PROBLEM –
Among the records below, find the line with "Next, I'll prompt" and the line with "For an infinite". Set down both and every line between, exactly and with no pictures, but nothing else.

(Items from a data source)
####################
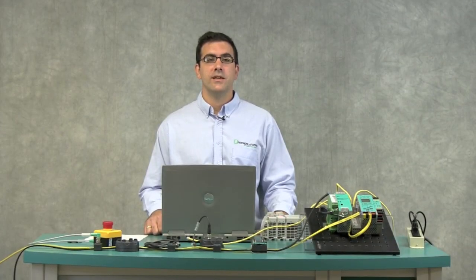Thank you for watching this video about AS Interface. Please see our YouTube channel for more information.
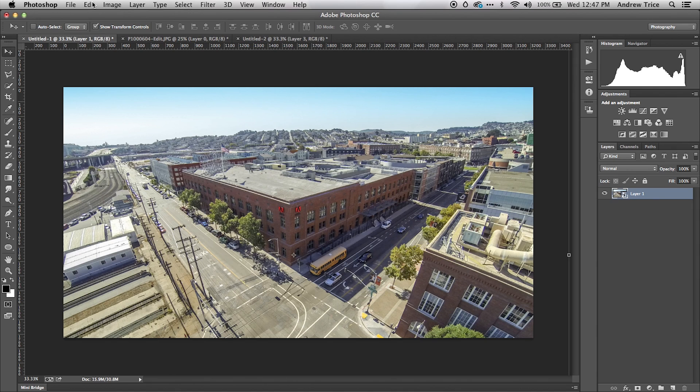What I've got here is an image of the Adobe Office in San Francisco. What I want to do is use Perspective Warp to change the viewing perspective of the content in this image.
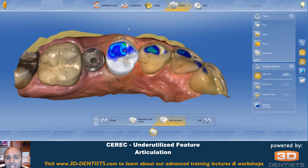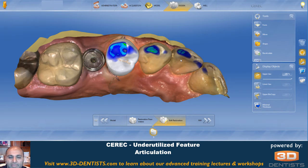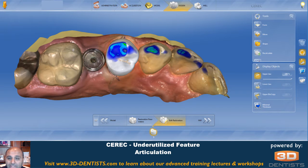A point of note: some people find that articulation is only good for multiple units or with full arch scans, and it is more predictable with full arch scans. So in a perfect world, we want to capture both canines on the upper and lower arch so that we have more data to be able to do a positive movement. Keep those things in mind — there are times when it doesn't work.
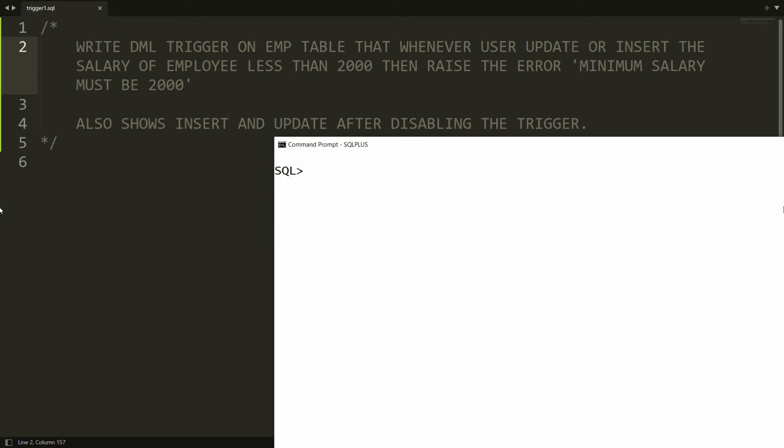Hello all, welcome to my channel. In this video I will show you how to write a DML trigger in Oracle. Whenever a user tries to update the salary of an employee to a value less than 2000, I want to generate an error: 'Minimum salary must be 2000'. I will also demonstrate the behavior before and after disabling the trigger.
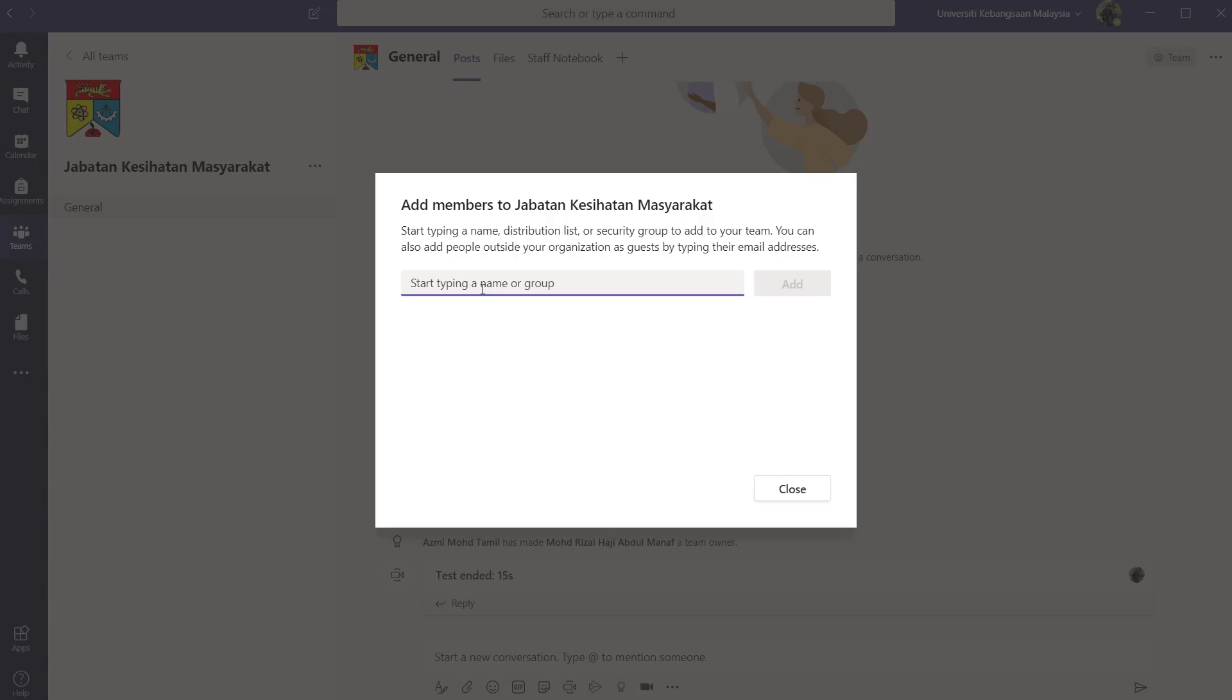For this example, I'm going to show you my name, but it's not going to work because I'm the owner of the group. So I will not be listed as the person that could be added to the group.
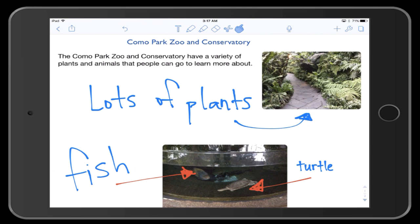After you've created a note in Notability, you might want to submit this note for an assignment in Schoology.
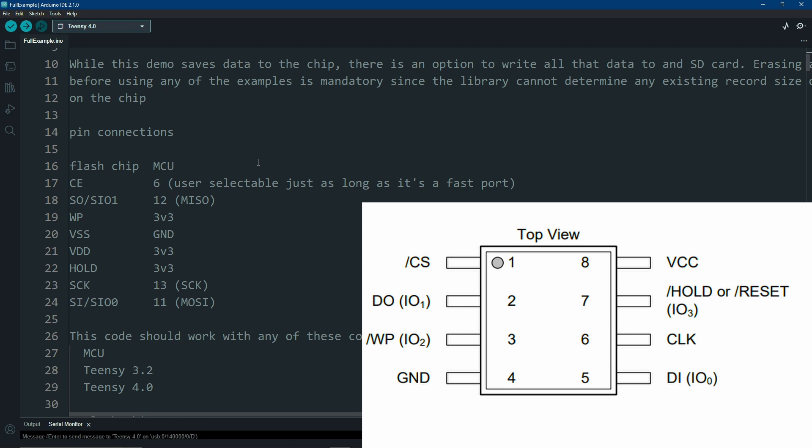SO goes to pin 12 for MISO. WP, write protect, is tied to 3.3 volts. VSS, and I don't know why they call it that, is ground. VDD is 3.3 volts. Hold is 3.3 volts. SCK is your clock connected to pin 13. And SI is pin 11 for MOSI.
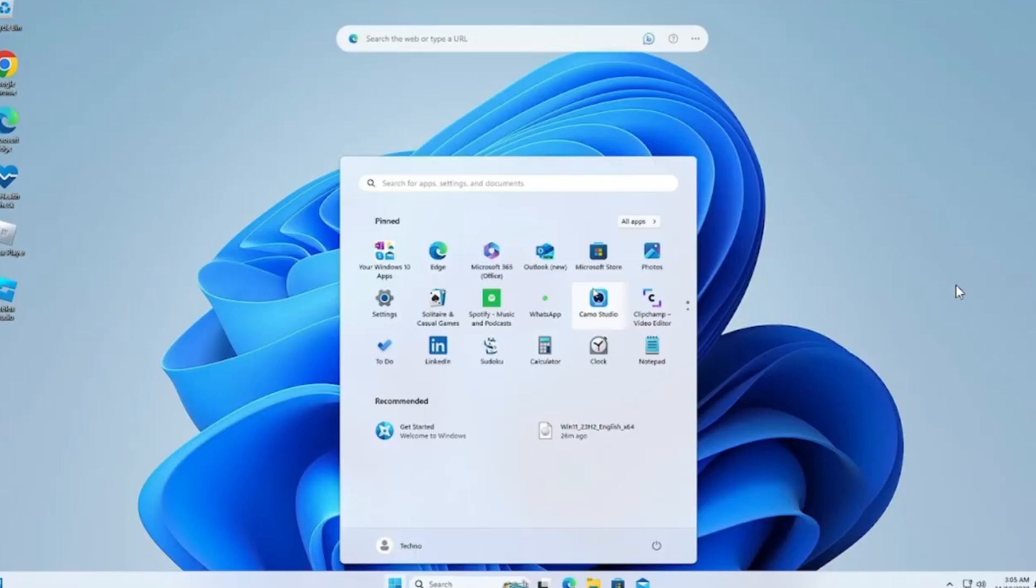After that, your PC is going to restart and then you can simply enjoy your Windows 11. So that's the process that you can follow to download Windows 11 on your PCs.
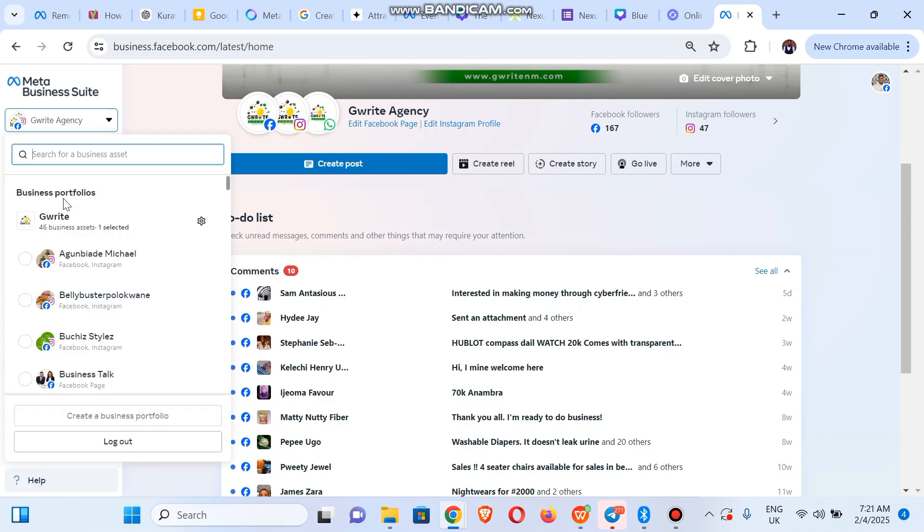That is for those of you that have more than one business portfolio. Once you find the business portfolio you want to use, you click on this settings icon just beside it.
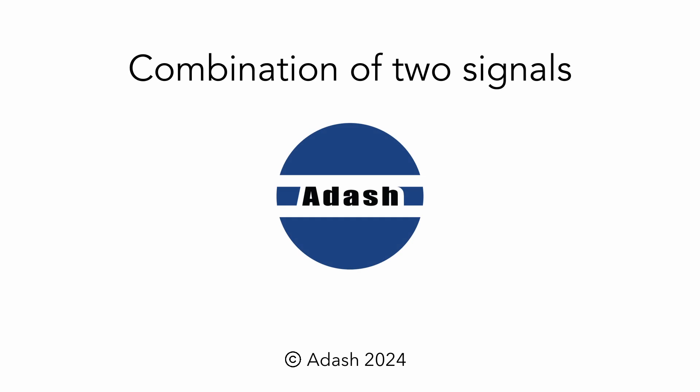Hello, today we would like to talk about what happens if there are two sources of vibrations in a machine. Let's assume each source creates a signal with a single sine wave. We will cover four possibilities.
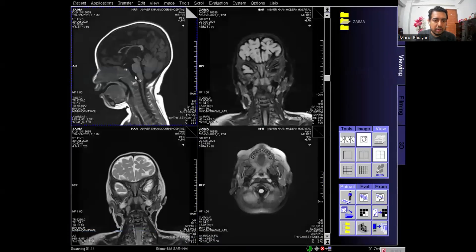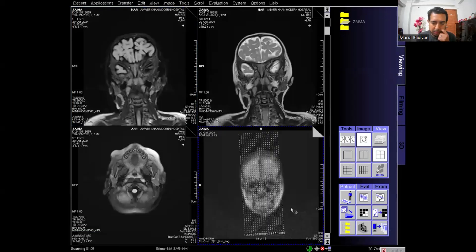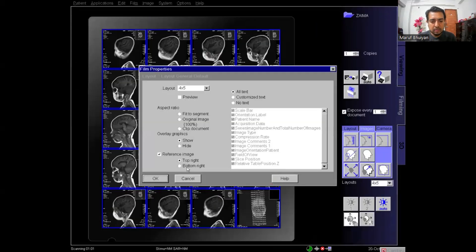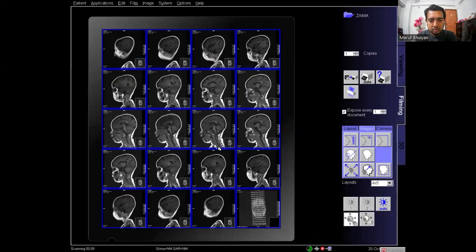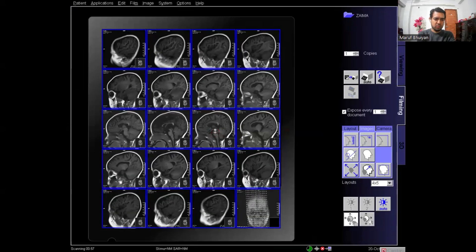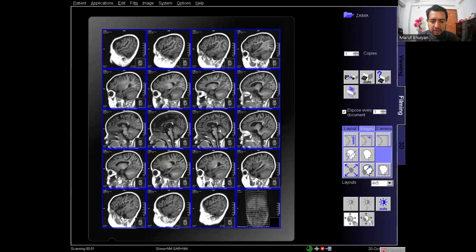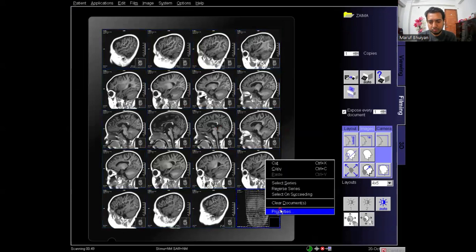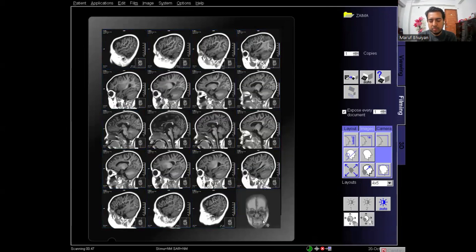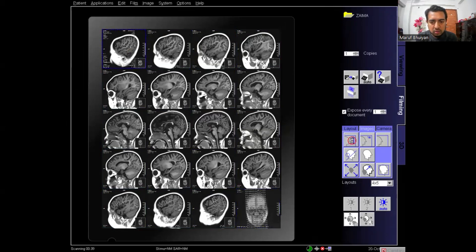Now I will print the T1 images. I select the series and send it to the film sheet, then open the reference image and send it as well. On the filming screen, I select the film layout 4 by 5 because there are 19 slices and 1 reference image. I remove the reference image from the original segment and adjust the window, zoom, and pan.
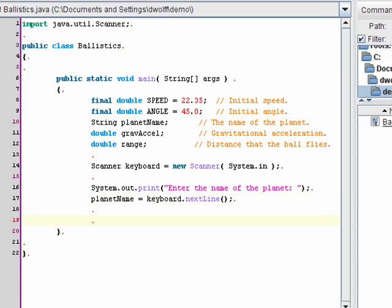Next, I'll prompt and read in the gravitational acceleration.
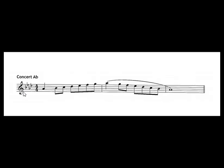So in the A-flat scale we have a B-flat, an E-flat, an A-flat, and a D-flat. So the first note is going to be A-flat because of our key signature.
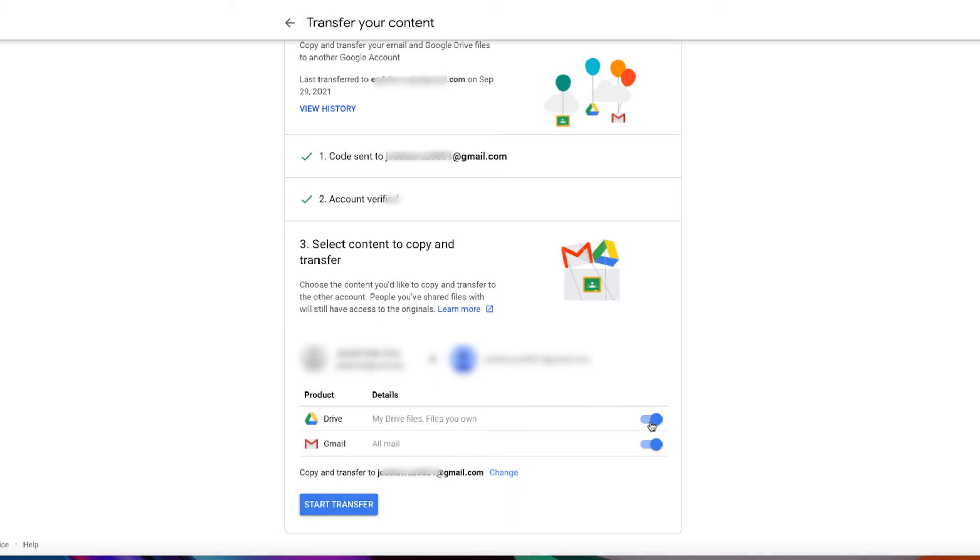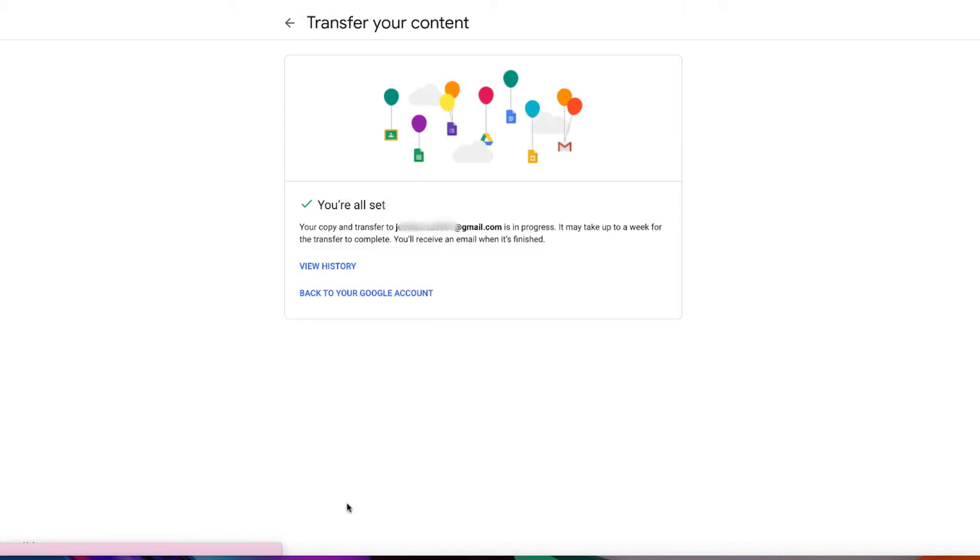For me, I'm going to transfer the email, so I'm going to turn off the Google Drive option. Now, let's click on start transfer.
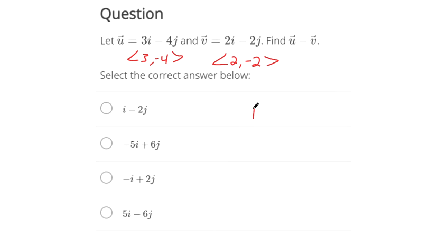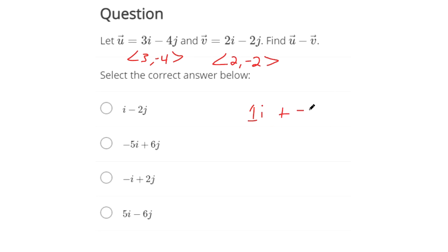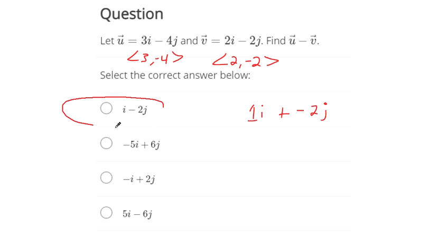So 3 minus 2 makes 1i, and negative 4 minus negative 2 makes negative 2j. So 1i minus 2j — that's the vector, that's the result.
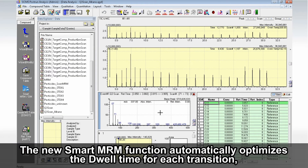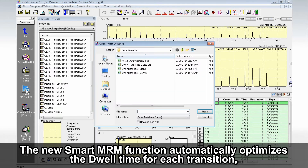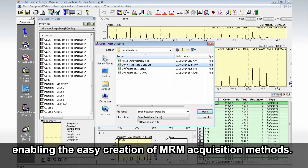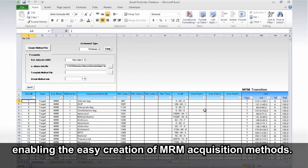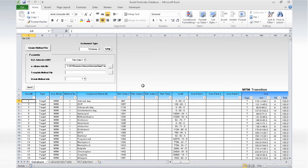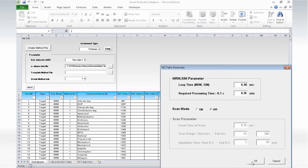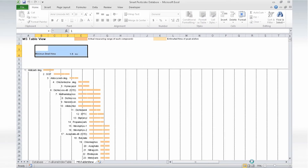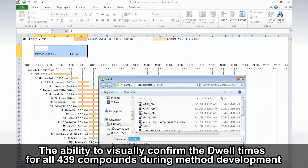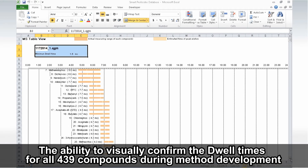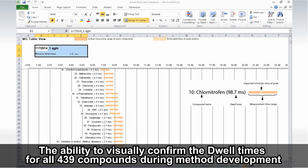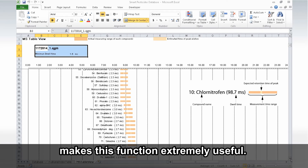The new SMART MRM function automatically optimizes the dwell time for each transition, enabling the easy creation of MRM acquisition methods. The ability to visually confirm the dwell times for all 439 compounds during method development makes this function extremely useful.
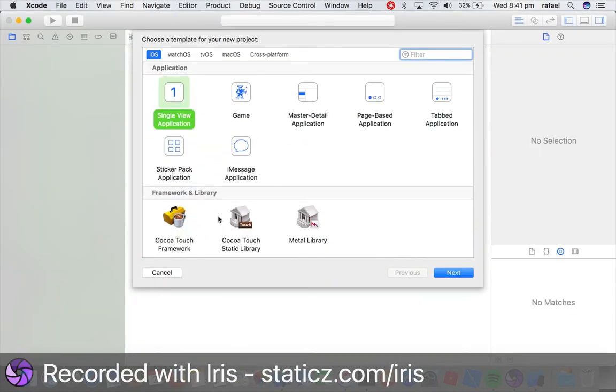Hello YouTube, Raphael here today and I'm going to be showing you how to implement iOS AdMob into your project.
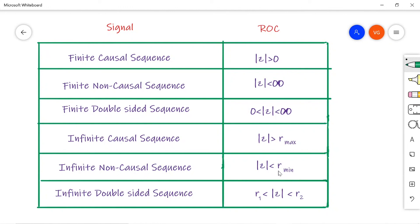For an infinite double-sided sequence — the combination of positive and negative side sequences — the ROC is R1 < |Z| < R2. This completes the explanation of Region of Convergence, its properties, and how the ROC is defined for different types of sequences.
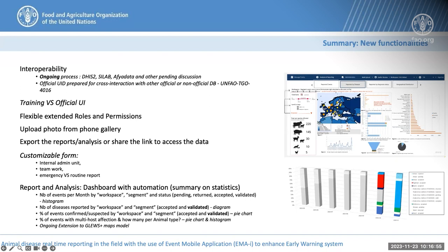We have two types of platform: a training environment and an official platform from which countries and users of MII can differentiate the environments. We are more flexible and have an extended set of roles and permissions from which users can access different aspects of the platform. Based on user role and permission, users can process different types of information and upload photos from the gallery to attach to the form, and report symptoms and lesions with visual supports.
####################
EXERCISE OUTPUT –
Next, I'll prompt and read in the gravitational acceleration.
So in the A-flat scale we have a B-flat, an E-flat, an A-flat, and a D-flat. So the first note is going to be A-flat because of our key signature.
For me, I'm going to transfer the email, so I'm going to turn off the Google Drive option. Now, let's click on start transfer.
So 3 minus 2 makes 1i, and negative 4 minus negative 2 makes negative 2j. So 1i minus 2j — that's the vector, that's the result.
The new SMART MRM function automatically optimizes the dwell time for each transition, enabling the easy creation of MRM acquisition methods. The ability to visually confirm the dwell times for all 439 compounds during method development makes this function extremely useful.
Hello YouTube, Raphael here today and I'm going to be showing you how to implement iOS AdMob into your project.
For an infinite double-sided sequence — the combination of positive and negative side sequences — the ROC is R1 < |Z| < R2. This completes the explanation of Region of Convergence, its properties, and how the ROC is defined for different types of sequences.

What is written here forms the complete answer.